*** Opening Data shown ***

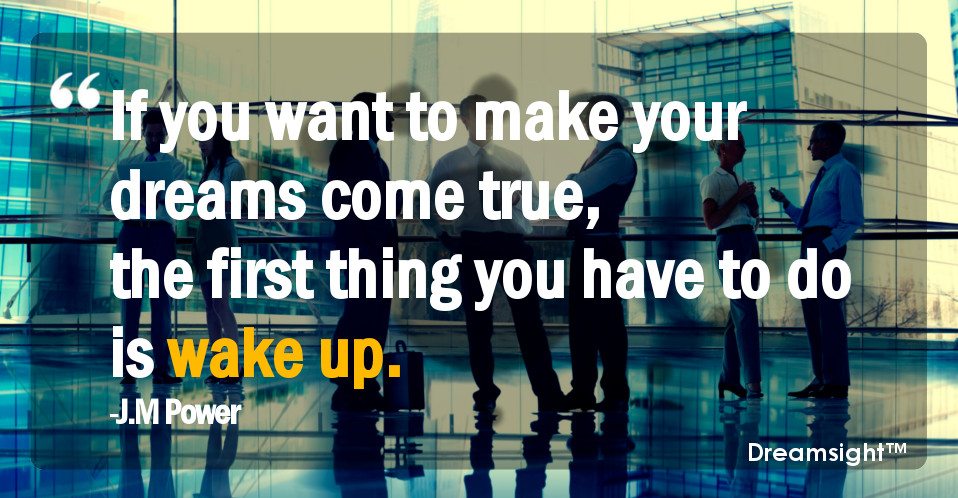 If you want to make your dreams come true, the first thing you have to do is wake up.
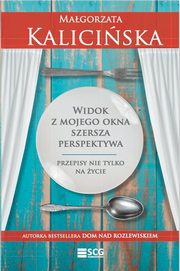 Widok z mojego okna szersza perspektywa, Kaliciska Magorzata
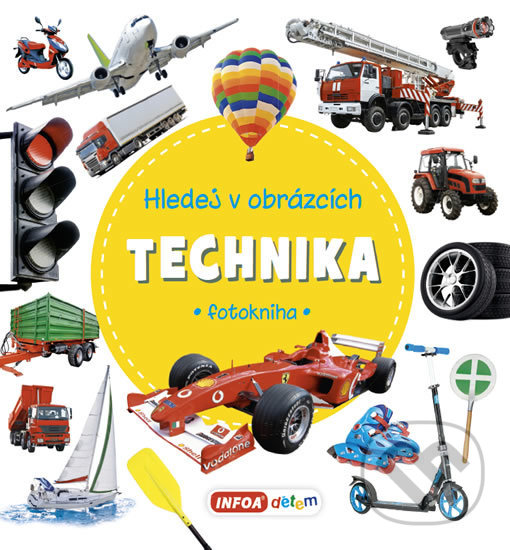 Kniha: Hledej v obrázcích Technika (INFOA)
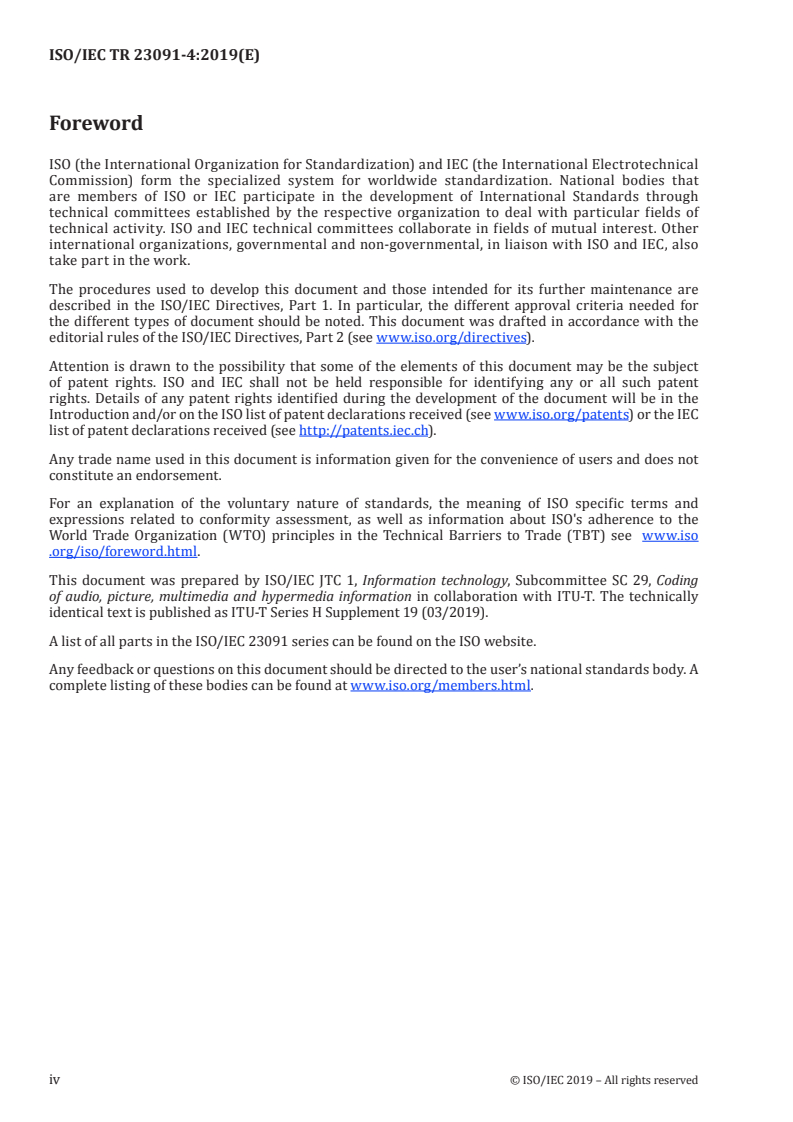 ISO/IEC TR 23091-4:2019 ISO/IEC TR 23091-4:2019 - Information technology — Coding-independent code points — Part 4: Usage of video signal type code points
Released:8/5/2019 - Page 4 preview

*** Closing Data shown ***
*** Opening Data shown ***

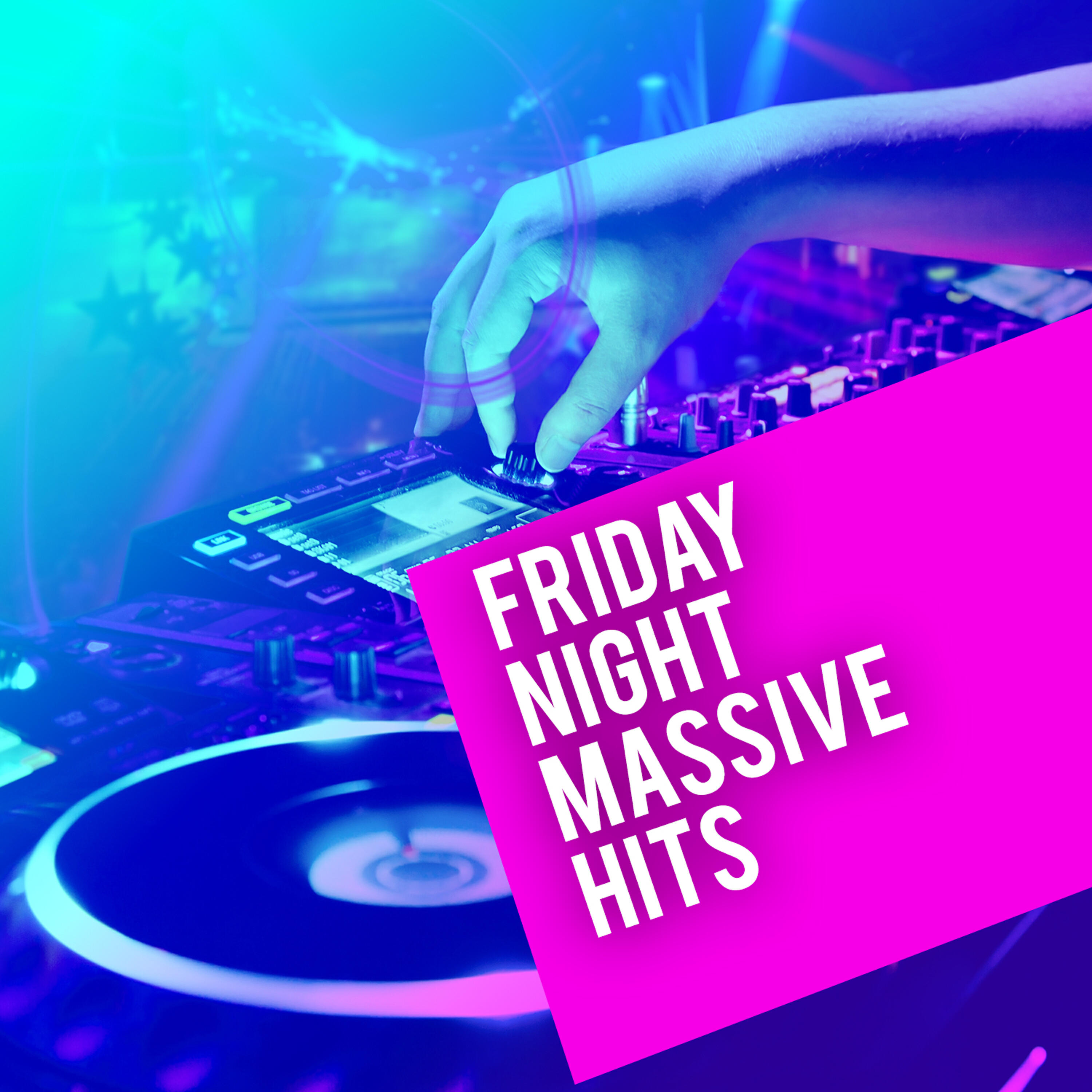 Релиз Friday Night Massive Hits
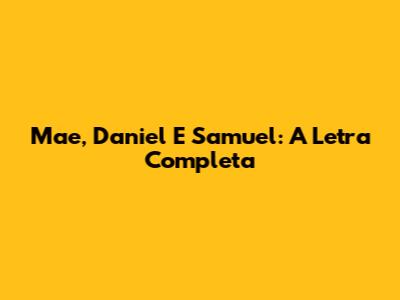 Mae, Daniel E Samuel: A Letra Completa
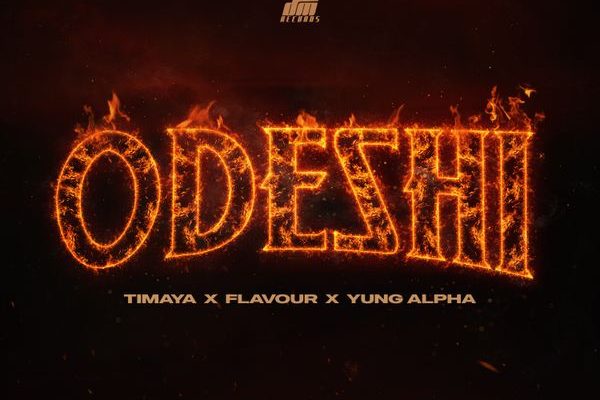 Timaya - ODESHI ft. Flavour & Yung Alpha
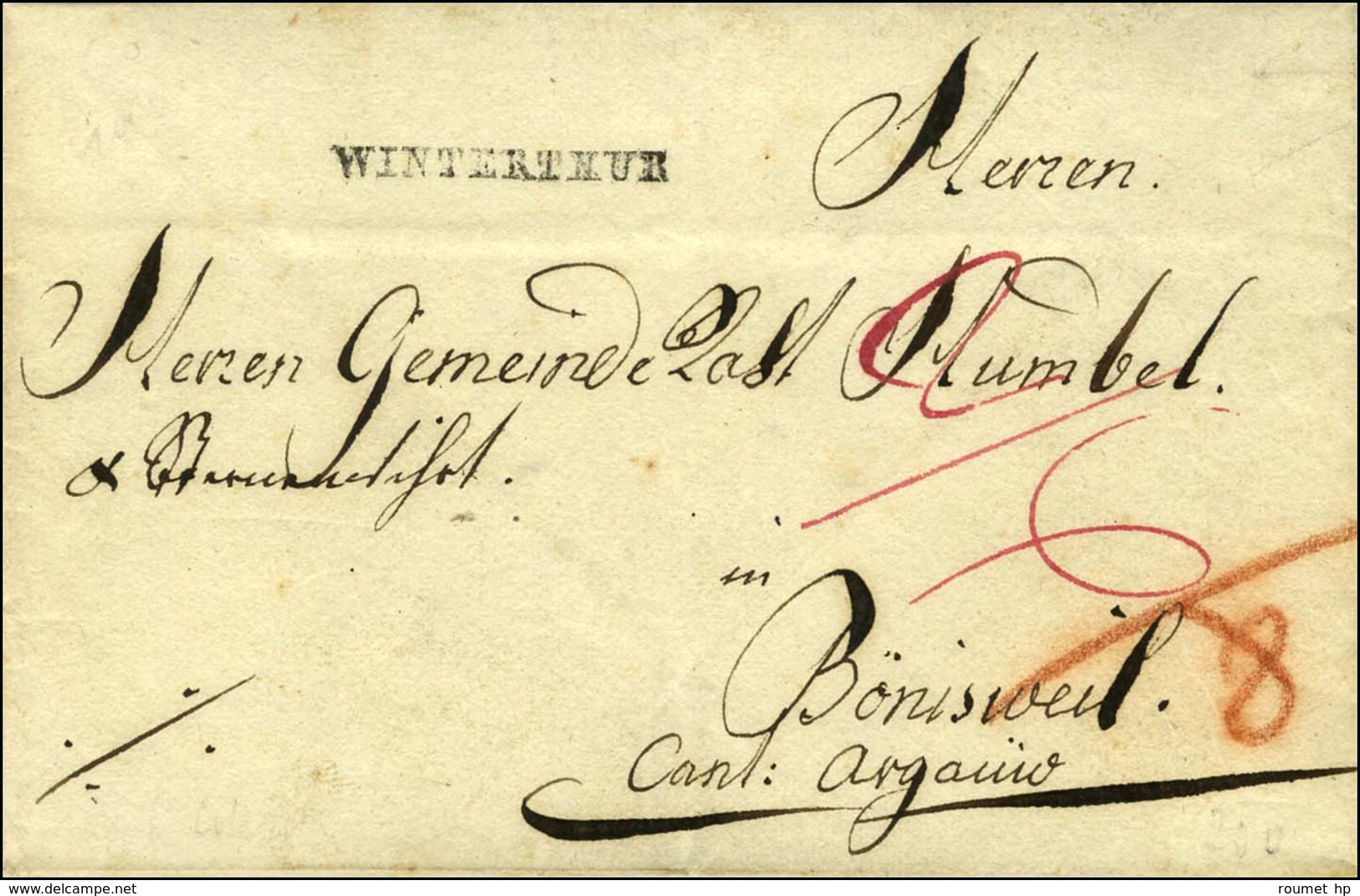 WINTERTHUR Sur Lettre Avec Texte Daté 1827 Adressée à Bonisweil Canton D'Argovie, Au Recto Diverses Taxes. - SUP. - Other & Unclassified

*** Closing Data shown ***
*** Opening Data shown ***

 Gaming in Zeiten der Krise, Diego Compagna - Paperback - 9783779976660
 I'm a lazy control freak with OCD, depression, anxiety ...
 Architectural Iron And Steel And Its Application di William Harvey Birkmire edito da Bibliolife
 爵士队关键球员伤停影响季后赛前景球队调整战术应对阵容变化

*** Closing Data shown ***

Task details: Output exactly the lines above, beginning at the one with "If you want" and stopping after the one with "Released:8/5/2019 - Page 4 preview". Pictures are to be omitted.

Expected output:
 If you want to make your dreams come true, the first thing you have to do is wake up.
 Widok z mojego okna szersza perspektywa, Kaliciska Magorzata
 Kniha: Hledej v obrázcích Technika (INFOA)
 ISO/IEC TR 23091-4:2019 ISO/IEC TR 23091-4:2019 - Information technology — Coding-independent code points — Part 4: Usage of video signal type code points
Released:8/5/2019 - Page 4 preview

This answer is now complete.